City Councilwoman Tonya Payne, who represents the Hill District, said the One Hill coalition was created so there "would be one voice that represented the entire Hill District." She said it was wrong for the ministers to be seeking their own meeting.

"The community has voted on who they wanted to negotiate a community benefits agreement. They selected negotiators. I think it's terribly unfair that [the ministers] would be that presumptuous that they would come out and say they would be better negotiators than the ones chosen by the community," she said.

As a measure of how well the One Hill Coalition seemed to be jelling, not only is Councilwoman Payne now leaping to defend them, but Kimberly Ellis AKA Dr. Goddess told the Comet recently:

I'm just pleased that the Hill will be properly represented, no matter what. I remain thankful for that. Everybody is saying that "ten years ago" we didn't have this kind of leadership. I don't know what happened ten years ago (heck, I was in college) but myself and others are here now, so . . . no matter what, we'll be there.
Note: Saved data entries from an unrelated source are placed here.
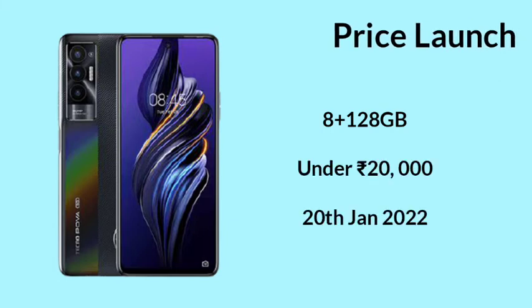Let's talk about price and launch. The 8GB plus 128GB storage unit — there is a RAM variant. As you can see, under 20,000 rupees, there are leaks going on, so you can confirm.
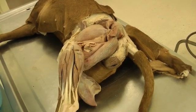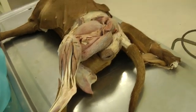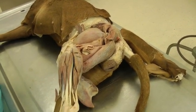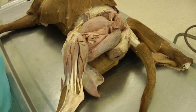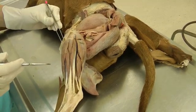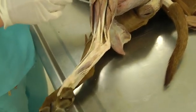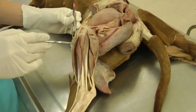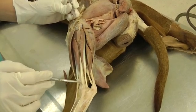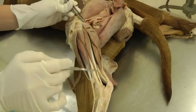This is lab 7 on the dog specimen. We are working still on the pelvic limb but doing some more muscles of the caudal aspect of the crus, and then a few items to do with joints. As a quick review, on the cranial aspect of the limb we have cranial tibial, long digital extensor, and fibularis longus. We've already done all of those muscles, so now we're looking at the caudal group.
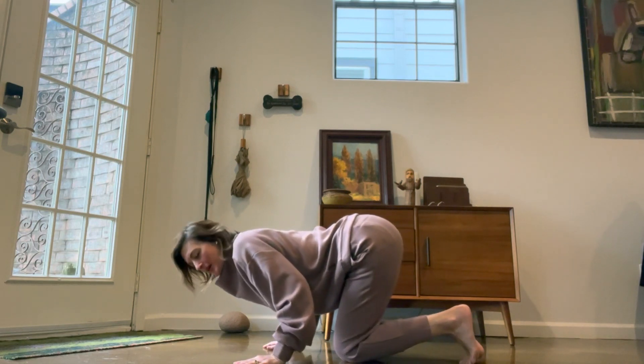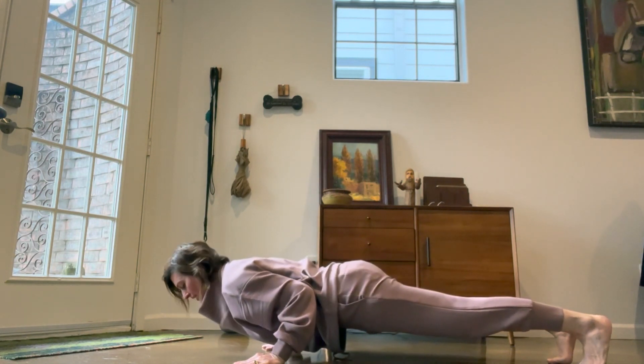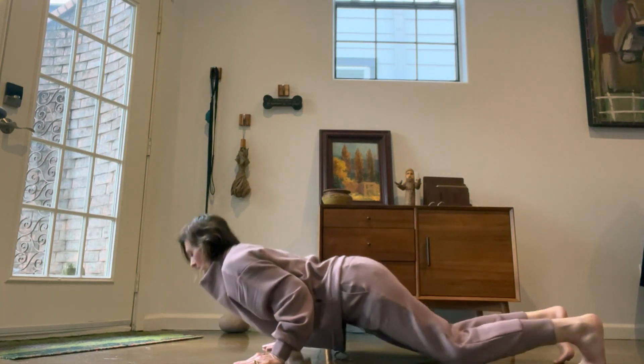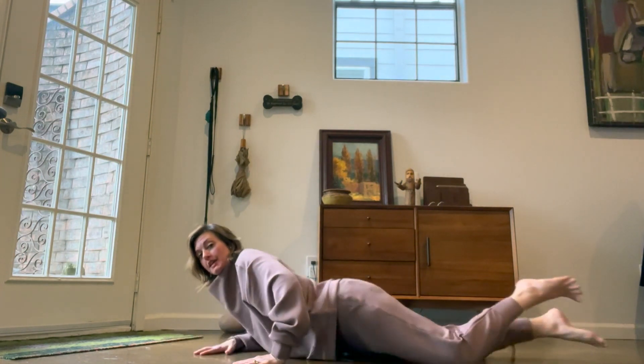I squeeze my elbows into my ribs so that I can get serratus anterior engaged and steady, and then I put my knees down to go all the way down — so that I don't load that tendon with all that weight.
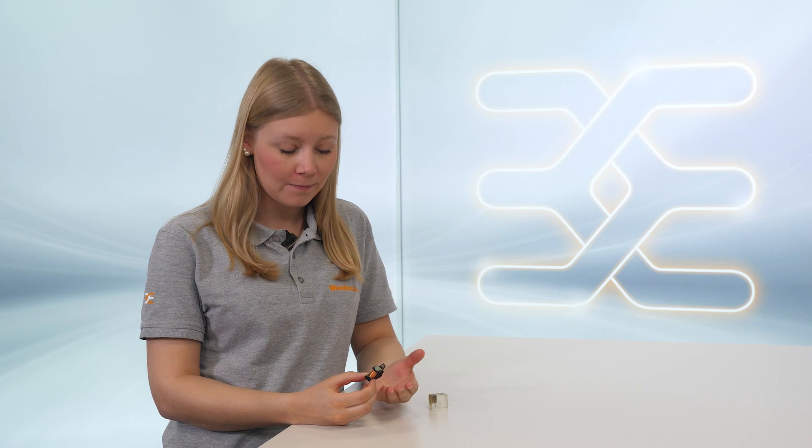How does a relay work? What happens there? Why have my relay burnt contacts? My name is Lea and in this video I will show you why my relay have burnt contacts.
If you could keep those two characters playing nicely in the same tent, with no knife-fights breaking out, you had reason to believe you were really getting somewhere.

Suspicious minds might assume that the nine renegade ministers are somehow a creature of the Penguins, sowing discord and confusion. Yet they are the ones holding out for a no-strings-attached check for $10 million in development money -- a hard pill for the Pens to swallow.

One Hill is making no such vague demands -- they seek things like priority hiring and job training for union jobs, the rehabilitation of specified cultural assets, and a few key items like a grocery store. Perhaps the bold demand for up-front cash is meant to siphon off community sympathy, making One Hill seem less tough by comparison.